Lawyer Toni Abela made headlines for repeatedly ignoring the new security procedures and got a couple of fines for his infringement. At the end of last month, he entered from the exit door shortly after court sittings resumed following yet another a bomb threat, in a bid to reach the court registry that was about to close, to file an urgent plea for a client.
He was fined by Magistrate Michael Mallia Lm50 for breaching security procedures, although the magistrate said he understood Abela’s concerns for his clients and argued that a “balance had to be struck”.
The new scanners at the court entrance have so far picked up knuckle-dusters, knives, spanners and other objects deemed to be security threats by the personnel, Galea said.

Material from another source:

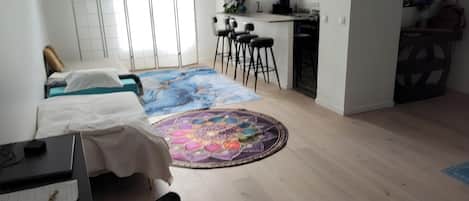 1 bedroom, iron/ironing board, bed sheets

“The system is serving its purpose, although there is always the possibility of human error,” he added.
A few years ago, a defendant entered the court with a bag full of manure and threw it at the presiding magistrate.
Mifsud Bonnici said: “I don’t know if the system would detect manure but the fact is that once someone who is up to something sees security personnel at the door, he or she would think twice before going in, so it serves as a deterrent. We’ve raised the level of security and we want to raise it further in other parts of the courts, but I believe we should do it gradually.”